After nearly 20 years, the US military left Bagram Airfield, the epicenter of its war to oust the Taliban and hunt down the al-Qaeda perpetrators of the 9/11 terrorist attacks on America, two US officials said Friday. The airfield was handed over to the Afghan National Security and Defense Force in its entirety, they said on condition they not be identified because they were not authorized to release the information to the media. One of the officials also said the US top commander in Afghanistan, Gen. Austin S. Miller, “still retains all the capabilities and authorities to protect the forces." More:
- The withdrawal from Bagram Airfield is the clearest indication that the last of the 2,500-3,500 US troops have left Afghanistan or are nearing a departure, months ahead of President Biden's promise that they would be gone by Sept. 11, the AP reports. Most NATO soldiers have already quietly exited as of this week. At its peak, Bagram Airfield saw more than 100,000 US troops pass through its sprawling compound.
- Announcements from several countries analyzed by the AP show that a majority of European troops have now left with little ceremony—a stark contrast to the dramatic and public show of force and unity when NATO allies lined up to back the US invasion in 2001.
- The US has refused to say when the last US soldier would leave Afghanistan, citing security concerns, but also the protection of Kabul's Hamid Karzai International Airport is still being negotiated.
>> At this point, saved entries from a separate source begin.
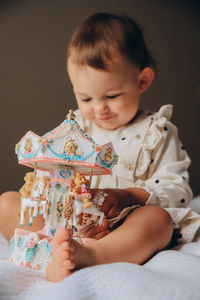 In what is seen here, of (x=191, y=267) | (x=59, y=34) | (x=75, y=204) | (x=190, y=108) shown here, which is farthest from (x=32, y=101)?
(x=191, y=267)

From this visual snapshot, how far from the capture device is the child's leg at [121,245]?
26.5 inches

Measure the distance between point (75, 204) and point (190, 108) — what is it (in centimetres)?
164

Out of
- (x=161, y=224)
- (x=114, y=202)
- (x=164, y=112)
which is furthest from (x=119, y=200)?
(x=164, y=112)

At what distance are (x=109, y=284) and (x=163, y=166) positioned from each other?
2.36 ft

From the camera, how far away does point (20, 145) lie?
863 mm

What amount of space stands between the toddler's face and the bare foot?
0.61 meters

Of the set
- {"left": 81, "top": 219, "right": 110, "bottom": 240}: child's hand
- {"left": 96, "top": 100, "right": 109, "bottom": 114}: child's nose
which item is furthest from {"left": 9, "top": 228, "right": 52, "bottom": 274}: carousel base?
{"left": 96, "top": 100, "right": 109, "bottom": 114}: child's nose

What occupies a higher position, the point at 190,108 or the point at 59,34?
the point at 59,34

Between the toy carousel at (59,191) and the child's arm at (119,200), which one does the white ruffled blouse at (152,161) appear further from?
the toy carousel at (59,191)

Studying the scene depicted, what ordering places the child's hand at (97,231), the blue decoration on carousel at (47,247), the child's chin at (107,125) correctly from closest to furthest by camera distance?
the blue decoration on carousel at (47,247) < the child's hand at (97,231) < the child's chin at (107,125)

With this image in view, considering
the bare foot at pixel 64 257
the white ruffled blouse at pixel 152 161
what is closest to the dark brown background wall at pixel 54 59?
the white ruffled blouse at pixel 152 161

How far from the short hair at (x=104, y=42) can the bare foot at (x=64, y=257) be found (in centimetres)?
66

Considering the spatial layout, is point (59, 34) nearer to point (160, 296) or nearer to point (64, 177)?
point (64, 177)

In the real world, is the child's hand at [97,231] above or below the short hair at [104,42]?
below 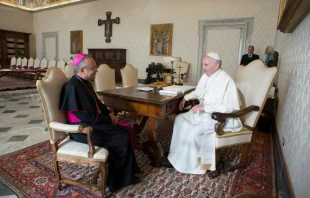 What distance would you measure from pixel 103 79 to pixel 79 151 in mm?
2176

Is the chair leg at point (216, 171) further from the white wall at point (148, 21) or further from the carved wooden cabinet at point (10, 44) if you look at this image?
the carved wooden cabinet at point (10, 44)

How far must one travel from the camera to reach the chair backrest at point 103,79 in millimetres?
3590

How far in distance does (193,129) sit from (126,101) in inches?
32.2

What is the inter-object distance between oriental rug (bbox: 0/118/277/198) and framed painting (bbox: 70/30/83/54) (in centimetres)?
834

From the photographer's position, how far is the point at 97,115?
191cm

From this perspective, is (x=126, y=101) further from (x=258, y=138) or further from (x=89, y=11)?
(x=89, y=11)

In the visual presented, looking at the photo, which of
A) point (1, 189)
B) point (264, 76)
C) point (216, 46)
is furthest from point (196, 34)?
point (1, 189)

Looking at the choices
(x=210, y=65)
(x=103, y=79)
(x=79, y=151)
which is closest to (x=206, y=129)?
(x=210, y=65)

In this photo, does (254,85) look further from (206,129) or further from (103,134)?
(103,134)

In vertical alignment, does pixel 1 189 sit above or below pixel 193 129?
below

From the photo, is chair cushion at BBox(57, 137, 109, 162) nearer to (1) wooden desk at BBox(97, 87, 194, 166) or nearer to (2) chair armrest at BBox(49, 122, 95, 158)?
(2) chair armrest at BBox(49, 122, 95, 158)

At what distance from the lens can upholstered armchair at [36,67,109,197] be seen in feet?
5.45

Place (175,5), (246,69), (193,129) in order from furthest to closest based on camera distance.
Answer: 1. (175,5)
2. (246,69)
3. (193,129)

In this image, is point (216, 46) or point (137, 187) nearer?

Turkish and US soldiers currently are protecting the airport under the Resolute Support Mission, which is the military mission being wound down. Until a new agreement for the airport's protection is negotiated between Turkey and the Afghan government, and possibly the US, the Resolute Support mission would appear to have to continue in order to give international troops the legal authority.
- The departure is rife with symbolism. Not least, it's the second time that an invader of Afghanistan has come and gone through Bagram. The Soviet Union built the airfield in the 1950s. When it invaded Afghanistan in 1979 to back a communist government, it turned it into its main base from which it would defend its occupation of the country. When the US and NATO inherited Bagram in 2001, they found it in ruins, a collection of crumbling buildings, gouged by rockets and shells, most of its perimeter fence wrecked.